Deadline: 26-Nov-20
The Government of Western Australia has launched the Grants for Women Program 2020/2021 to provide funding support for initiatives based in Western Australian that address the unique issues faced by women.
Western Australian women remain at considerable risk of violence and abuse in their homes and their workplace. Western Australia also faces the nation’s biggest gender pay gap of 22 per cent (compared to 14 per cent nationally), while often being overlooked for leadership roles, and bearing most of the domestic work. These factors contribute to progressively limiting women and girls’ participation in economic and social life, which can have long term, negative impacts on life outcomes.
Initiatives funded under the Grants for Women Program will contribute to women and girls reaching their full potential in all aspects of life: at school, in the workplace, in retirement and in their homes and communities.
Priority Areas
Applications to the Grants for Women Program must align to at least one of the following four priority areas of the Plan:
- Health and wellbeing
- Goal: Women are healthy, active and lead fulfilled lives. Gender is a social determinant which can have a negative impact on women’s health and wellbeing outcomes.
- Risks include
- women’s participation in social and economic life is limited;
- women unable to prioritise their own health needs due to unequal share and responsibility for family caring roles and domestic work;
- Women and girls unable to manage mental health such as anxiety, depression, self-harm, attempted suicide and eating disorders.
Applicants are encouraged to refer to the Plan to consider initiatives that support women and girls lead healthy, active and fulfilled lives.
- Safety and justice
- Goal: Women live safely and have appropriate access to adequate legal protections.
- Women continue to experience unacceptable levels of family and domestic violence and abuse in their own homes, at the hands of their partners. There are substantial costs to the community in relation to family and domestic violence, but it is disproportionately women who bear the social and financial costs. Some of these costs include:
- increased risk of poverty and homelessness;
- Contribution to negative health outcomes.
Applicants are encouraged to refer to the Plan to consider initiatives that raise awareness and contribute to preventing gender-based violence in the community and the workplace.
- Economic independence
- Goal: Women can be financially independent throughout all life stages.
- A range of social and cultural factors contribute to many women having a more precarious financial situation than their male counterparts. This can mean that women’s cumulative earning power is severely compromised throughout their working lives. The gender pay gap in Western Australia is the highest of all states and territories in Australia and has been for many years.

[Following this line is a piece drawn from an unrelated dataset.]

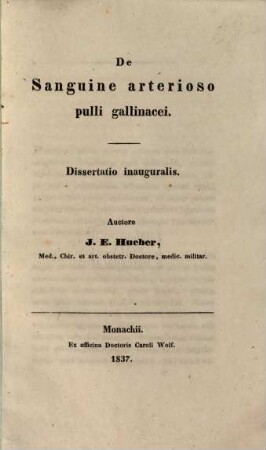 De sanguine arterioso pulli gallinacei : dissertatio inauguralis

- Contributing factors include:
- time taken out from work to care for children;
- broader caring responsibilities for ageing parents and relatives;
- The gender pays gap and its effects on superannuation;
- Applicants are encouraged to refer to the Plan and consider initiatives that contribute to women’s economic independence.
- Goal: Women can be financially independent throughout all life stages.
- Leadership
- Goal: Women’s skills, achievements and strengths are valued, enabling equal participation in the community, including at leadership levels.

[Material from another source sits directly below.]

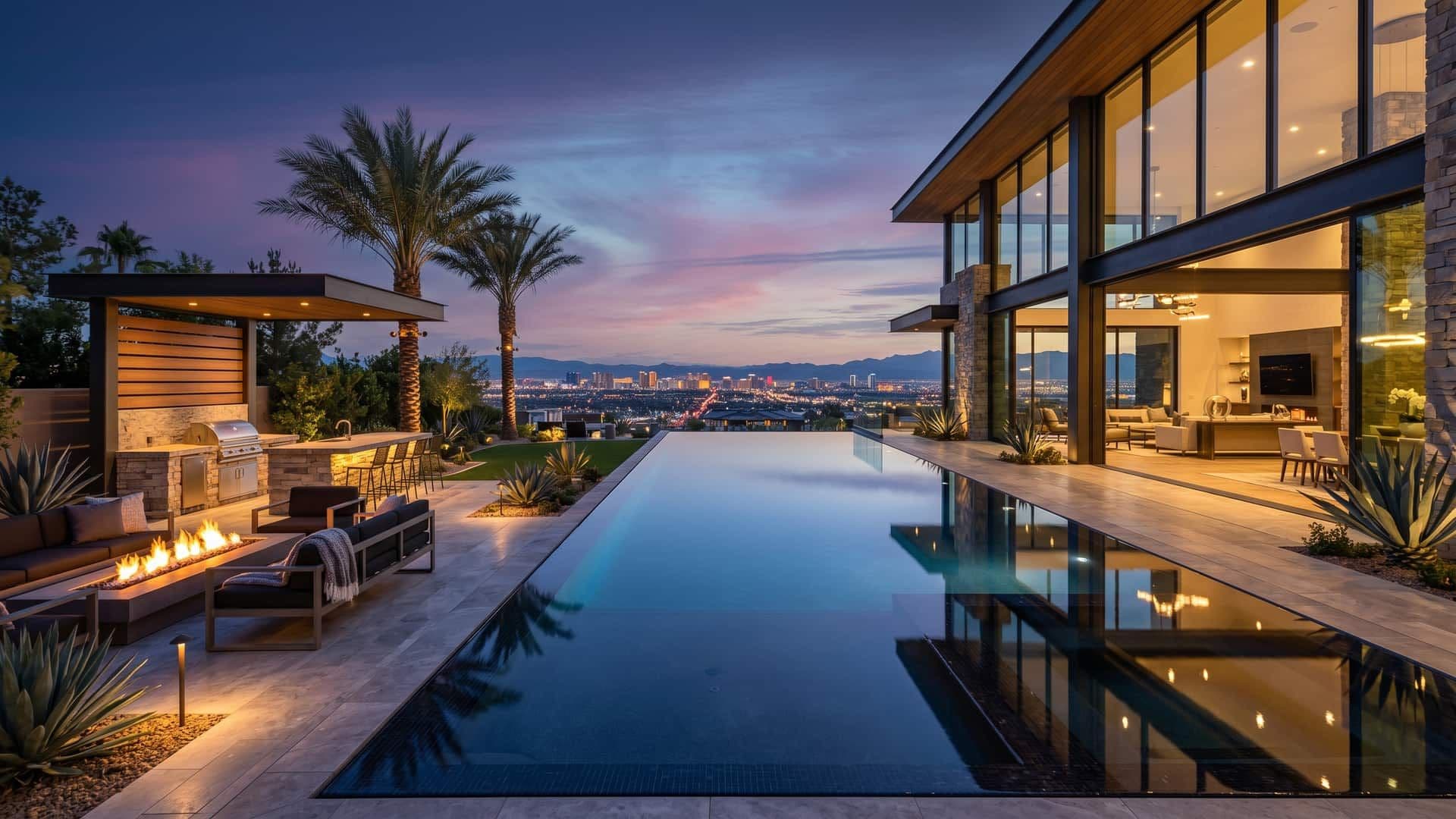 Las Vegas valley showing both Summerlin west side and Henderson southeast side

- Research demonstrates the economic benefits for organisations that have greater gender balance in leadership, including improved strategic decision making, better financial performance and client relationships. Despite this, many women are overlooked or face barriers to accepting leadership roles in the workplace.
- Some barriers include:
- Inflexible workplaces;
- Lack of access to support for managing caring responsibilities;
- assumptions about women’s capabilities, career ambitions and cultural norms;
- biases which undervalue women’s experience and potential;
- Unconscious bias and affinity bias in the recruitment process resulting in hiring more of the same (gender).
- Goal: Women’s skills, achievements and strengths are valued, enabling equal participation in the community, including at leadership levels.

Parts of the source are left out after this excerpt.